= Kenneth Viall =

Kenneth Abbott Viall (December 19, 1893 – January 3, 1974) was born in Lynn, Massachusetts as the only son of Frederick Clarence Viall and Edith Laura (Robbins) Viall. He received his A.B. from Harvard College in 1915, and B.D. from the General Theological Seminary, New York, in 1919. He received an M.A. from the Harvard Graduate School of Education in 1920, and an Ed.M. in 1921. He received an honorary S.T.D. from the General Seminary in 1949.

Viall was ordained to the diaconate on April 21, 1918, and to the priesthood on January 7, 1919. He was professed in the Society of St. John the Evangelist on December 19, 1923, and assigned to the SSJE's house in Korea. He returned to California and served at the Church of the Advent, San Francisco from 1924 to 1935.

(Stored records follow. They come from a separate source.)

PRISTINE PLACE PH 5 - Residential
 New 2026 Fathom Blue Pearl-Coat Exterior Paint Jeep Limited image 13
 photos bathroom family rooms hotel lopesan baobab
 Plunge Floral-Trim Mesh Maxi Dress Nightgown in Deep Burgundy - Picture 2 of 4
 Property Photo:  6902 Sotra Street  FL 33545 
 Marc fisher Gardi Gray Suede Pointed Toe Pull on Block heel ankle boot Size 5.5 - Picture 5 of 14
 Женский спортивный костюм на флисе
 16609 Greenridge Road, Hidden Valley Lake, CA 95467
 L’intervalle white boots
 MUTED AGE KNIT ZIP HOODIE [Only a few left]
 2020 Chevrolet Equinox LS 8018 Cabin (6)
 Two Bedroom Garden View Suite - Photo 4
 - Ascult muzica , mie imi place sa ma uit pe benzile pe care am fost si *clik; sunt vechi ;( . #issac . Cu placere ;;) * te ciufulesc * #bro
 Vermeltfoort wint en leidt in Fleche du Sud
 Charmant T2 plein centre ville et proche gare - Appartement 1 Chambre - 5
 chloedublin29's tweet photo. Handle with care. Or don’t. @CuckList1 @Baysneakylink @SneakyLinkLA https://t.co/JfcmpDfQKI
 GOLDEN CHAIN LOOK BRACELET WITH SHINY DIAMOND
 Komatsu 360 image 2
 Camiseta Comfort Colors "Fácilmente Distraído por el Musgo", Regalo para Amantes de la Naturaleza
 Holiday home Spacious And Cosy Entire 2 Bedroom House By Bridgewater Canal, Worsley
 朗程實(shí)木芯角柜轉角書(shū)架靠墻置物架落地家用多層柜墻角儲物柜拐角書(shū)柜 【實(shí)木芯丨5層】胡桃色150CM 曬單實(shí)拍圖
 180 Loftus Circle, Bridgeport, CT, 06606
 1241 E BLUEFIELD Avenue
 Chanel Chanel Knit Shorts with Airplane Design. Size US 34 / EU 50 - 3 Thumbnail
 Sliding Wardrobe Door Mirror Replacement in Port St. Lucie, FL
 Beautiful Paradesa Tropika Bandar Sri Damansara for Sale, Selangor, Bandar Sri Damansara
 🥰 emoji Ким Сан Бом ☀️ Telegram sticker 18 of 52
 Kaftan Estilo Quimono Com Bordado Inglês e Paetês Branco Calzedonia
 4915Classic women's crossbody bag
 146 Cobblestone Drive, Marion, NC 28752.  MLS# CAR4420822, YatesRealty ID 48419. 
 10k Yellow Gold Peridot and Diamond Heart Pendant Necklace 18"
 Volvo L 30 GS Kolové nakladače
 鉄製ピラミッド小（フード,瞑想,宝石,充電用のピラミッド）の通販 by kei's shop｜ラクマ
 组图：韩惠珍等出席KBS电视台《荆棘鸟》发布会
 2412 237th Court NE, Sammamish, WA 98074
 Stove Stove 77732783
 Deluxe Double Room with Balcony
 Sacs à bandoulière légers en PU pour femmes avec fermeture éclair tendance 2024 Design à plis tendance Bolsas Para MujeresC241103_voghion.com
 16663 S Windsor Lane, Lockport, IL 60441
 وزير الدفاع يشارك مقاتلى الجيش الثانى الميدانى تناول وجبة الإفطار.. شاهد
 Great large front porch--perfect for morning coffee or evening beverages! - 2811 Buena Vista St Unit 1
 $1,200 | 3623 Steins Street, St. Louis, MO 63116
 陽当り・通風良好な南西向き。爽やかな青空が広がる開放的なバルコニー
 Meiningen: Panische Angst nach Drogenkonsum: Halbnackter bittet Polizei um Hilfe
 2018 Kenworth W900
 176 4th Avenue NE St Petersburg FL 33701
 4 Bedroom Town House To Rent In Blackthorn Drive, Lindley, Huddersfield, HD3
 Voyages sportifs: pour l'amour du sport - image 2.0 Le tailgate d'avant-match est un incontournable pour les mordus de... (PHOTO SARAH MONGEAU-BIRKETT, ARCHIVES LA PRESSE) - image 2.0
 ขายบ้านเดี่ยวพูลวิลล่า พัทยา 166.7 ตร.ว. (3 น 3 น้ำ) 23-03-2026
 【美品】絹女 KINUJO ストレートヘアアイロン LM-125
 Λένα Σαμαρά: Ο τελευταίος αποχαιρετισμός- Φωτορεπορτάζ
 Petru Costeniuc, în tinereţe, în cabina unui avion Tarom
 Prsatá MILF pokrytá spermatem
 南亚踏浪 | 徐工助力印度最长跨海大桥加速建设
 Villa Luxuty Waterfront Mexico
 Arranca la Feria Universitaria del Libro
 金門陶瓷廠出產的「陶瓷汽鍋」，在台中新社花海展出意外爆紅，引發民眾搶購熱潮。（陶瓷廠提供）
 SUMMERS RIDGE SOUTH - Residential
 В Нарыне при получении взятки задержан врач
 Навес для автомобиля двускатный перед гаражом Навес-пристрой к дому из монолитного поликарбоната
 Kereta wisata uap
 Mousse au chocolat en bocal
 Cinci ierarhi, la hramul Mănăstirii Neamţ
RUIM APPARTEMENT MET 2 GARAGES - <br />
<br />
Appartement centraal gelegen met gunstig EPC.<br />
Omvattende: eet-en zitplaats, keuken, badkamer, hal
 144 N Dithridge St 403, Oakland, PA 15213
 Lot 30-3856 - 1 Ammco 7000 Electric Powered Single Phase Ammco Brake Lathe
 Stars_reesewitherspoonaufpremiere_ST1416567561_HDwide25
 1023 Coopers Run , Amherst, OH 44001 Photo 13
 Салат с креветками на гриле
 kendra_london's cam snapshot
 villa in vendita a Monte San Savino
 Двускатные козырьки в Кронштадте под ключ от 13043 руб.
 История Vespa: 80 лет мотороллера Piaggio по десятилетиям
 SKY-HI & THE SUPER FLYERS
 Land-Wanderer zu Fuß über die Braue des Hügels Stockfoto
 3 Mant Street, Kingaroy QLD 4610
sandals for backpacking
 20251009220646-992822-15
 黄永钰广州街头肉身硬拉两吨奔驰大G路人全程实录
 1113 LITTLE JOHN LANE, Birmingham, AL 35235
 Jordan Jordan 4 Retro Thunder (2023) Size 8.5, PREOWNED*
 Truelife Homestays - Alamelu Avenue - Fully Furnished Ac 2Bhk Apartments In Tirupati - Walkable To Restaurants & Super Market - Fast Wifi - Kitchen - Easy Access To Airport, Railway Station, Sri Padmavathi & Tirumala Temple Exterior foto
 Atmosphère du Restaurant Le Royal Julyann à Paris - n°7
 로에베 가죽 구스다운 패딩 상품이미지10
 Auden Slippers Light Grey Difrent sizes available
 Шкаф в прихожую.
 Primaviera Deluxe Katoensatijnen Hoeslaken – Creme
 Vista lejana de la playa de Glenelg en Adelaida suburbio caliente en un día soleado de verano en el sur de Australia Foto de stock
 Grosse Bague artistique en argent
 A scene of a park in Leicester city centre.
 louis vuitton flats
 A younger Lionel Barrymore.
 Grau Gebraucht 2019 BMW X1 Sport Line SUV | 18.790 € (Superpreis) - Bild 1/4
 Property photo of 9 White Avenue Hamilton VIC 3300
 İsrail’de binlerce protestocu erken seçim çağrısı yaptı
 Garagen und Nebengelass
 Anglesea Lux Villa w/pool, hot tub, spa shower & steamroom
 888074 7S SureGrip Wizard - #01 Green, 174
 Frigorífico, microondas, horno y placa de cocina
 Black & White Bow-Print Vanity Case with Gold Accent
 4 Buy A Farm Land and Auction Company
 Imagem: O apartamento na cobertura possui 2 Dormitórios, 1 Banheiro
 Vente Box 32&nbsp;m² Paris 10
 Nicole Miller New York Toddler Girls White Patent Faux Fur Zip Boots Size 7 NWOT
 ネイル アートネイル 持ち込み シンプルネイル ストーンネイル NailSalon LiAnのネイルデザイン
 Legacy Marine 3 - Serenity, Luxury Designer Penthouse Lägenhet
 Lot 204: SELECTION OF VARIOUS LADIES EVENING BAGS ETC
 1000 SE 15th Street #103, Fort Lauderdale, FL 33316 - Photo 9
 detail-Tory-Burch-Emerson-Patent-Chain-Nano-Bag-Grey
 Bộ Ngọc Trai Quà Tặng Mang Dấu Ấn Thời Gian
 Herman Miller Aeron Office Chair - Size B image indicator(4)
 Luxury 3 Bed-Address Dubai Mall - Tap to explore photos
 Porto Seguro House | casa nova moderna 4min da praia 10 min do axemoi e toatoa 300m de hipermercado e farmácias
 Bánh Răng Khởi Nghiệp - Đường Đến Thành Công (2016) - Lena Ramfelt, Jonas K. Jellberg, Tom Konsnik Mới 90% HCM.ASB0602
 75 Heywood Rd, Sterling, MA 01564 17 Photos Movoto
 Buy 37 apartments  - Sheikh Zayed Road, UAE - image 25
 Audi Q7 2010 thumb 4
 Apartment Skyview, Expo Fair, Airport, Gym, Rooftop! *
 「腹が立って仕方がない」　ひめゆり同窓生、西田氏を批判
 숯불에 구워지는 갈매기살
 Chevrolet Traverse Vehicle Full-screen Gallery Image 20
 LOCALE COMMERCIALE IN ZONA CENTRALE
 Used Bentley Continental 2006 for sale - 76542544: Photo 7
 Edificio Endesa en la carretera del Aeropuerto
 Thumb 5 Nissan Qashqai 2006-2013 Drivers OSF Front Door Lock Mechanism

He was assigned to the SSJE house in Japan in 1934, and served as Provincial Superior of the SSJE in Japan from 1938 until his death. He was on furlough from 1940–1947 at the society's house in Cambridge during World War II. He was consecrated suffragan Bishop of Tokyo on April 25, 1949, and retired on the consecration of Bishop Goto on November 6, 1959.

Viall is buried at St. Michael's Monastery, Oyama, Tochigi Prefecture.